Effective targeted therapy depends on two factors: identifying targets that play an important role in the growth and survival of cancer cells, and developing agents that can attack those targets. For example, one type of targeted therapy targets gastrointestinal stromal tumor (GIST) cells with a mutation (abnormality) in the C-KIT gene; this mutation is found in more than 85 percent of GISTs. Molecular testing is done to see if the C-KIT mutation is present in the GIST. If the mutation is not present, the drug will not be effective. But if it is present, the drug helps to prevent recurrence after the GIST has been surgically removed. This strategy may also be used as primary treatment for GISTs that are unresectable or that have metastasized. If the initial drug used stops working, other targeted drugs are available.

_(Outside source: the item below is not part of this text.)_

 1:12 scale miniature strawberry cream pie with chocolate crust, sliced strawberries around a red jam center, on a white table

Another type of targeted therapy is a monoclonal antibody that binds to a protein called RANK ligand. RANK ligand normally tells cells called osteoclasts to break down bone, but when the drug binds to it, that action is blocked. This drug is used with giant cell tumors of bone that have either come back after surgery or cannot be removed with surgery and may help shrink tumors for a while.

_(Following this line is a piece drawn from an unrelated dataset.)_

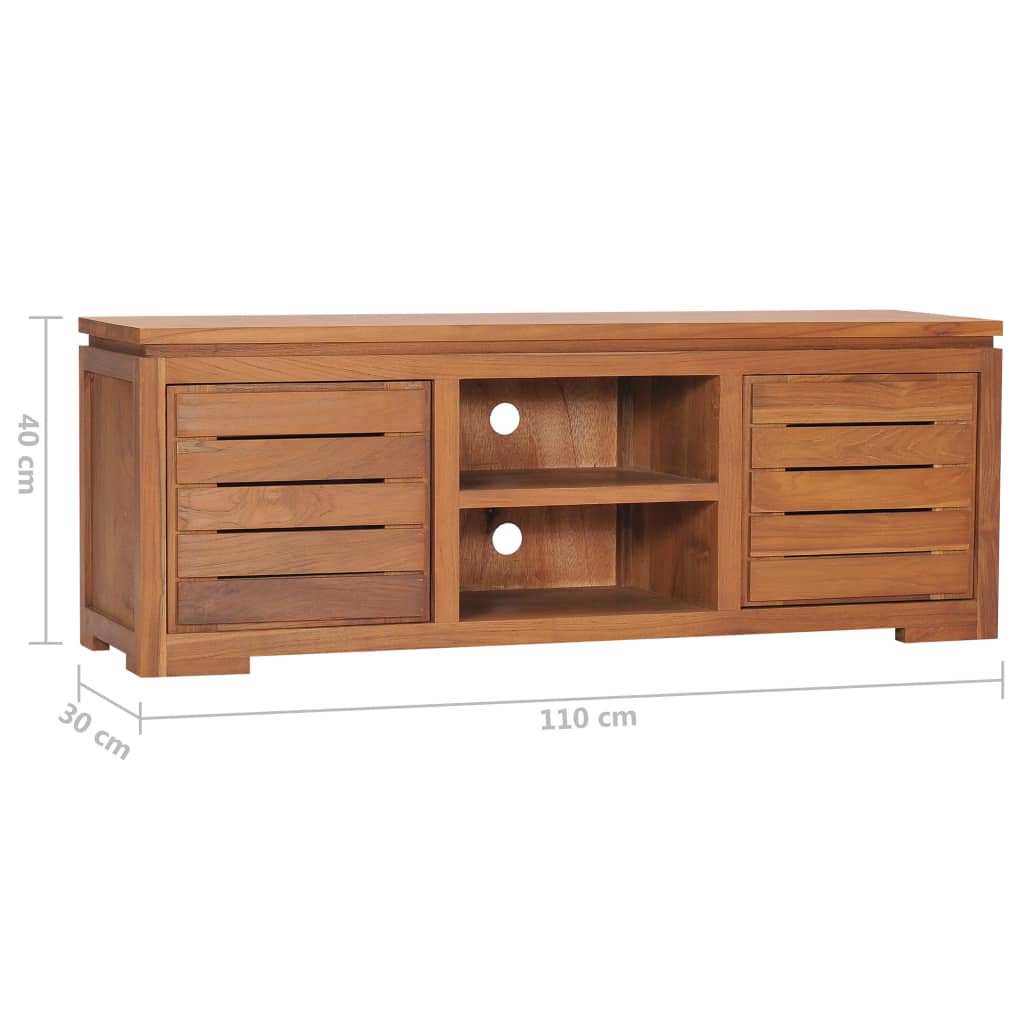 Tv-meubel 110x30x40 cm massief teakhout is nu te koop bij PeponiXL, paradijselijk wonen!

Many clinical trials are being conducted to find additional targets in soft tissue and bone sarcomas and to develop targeted therapy drugs directed at them.

 

Common Targeted Therapy Medications
denosumab (Xgeva)
imatinib (Gleevec)
olaratumab (Lartruvo)
pazopanib (Votrient)
regorafenib (Stivarga)
sunitinib (Sutent)

Immunotherapy

Immunotherapy uses the body’s own immune system to slow the growth of and kill cancer cells. To do so, the immune system uses substances made either by the body or in a laboratory to find and destroy cancer cells, much like it fights off foreign bacteria. One type of immunotherapy drug is known as a checkpoint inhibitor. This type of drug blocks specific proteins on the surface of immune T-cells. Blocking these proteins releases a natural brake on the immune system, allowing it to attack the cancer. Checkpoint inhibitors have been found to be effective in many other types of cancer, such as melanoma and lung cancer. Ongoing clinical trials are evaluating the use of checkpoint inhibitors in sarcoma.

Palliative Care

Although sarcoma treatment focuses on curative intent, palliative care may be needed. Palliative care includes pain management and helps with other side effects of cancer and its treatment. Its focus is to improve quality of life, and to support the emotional, spiritual and social needs of people with a serious illness.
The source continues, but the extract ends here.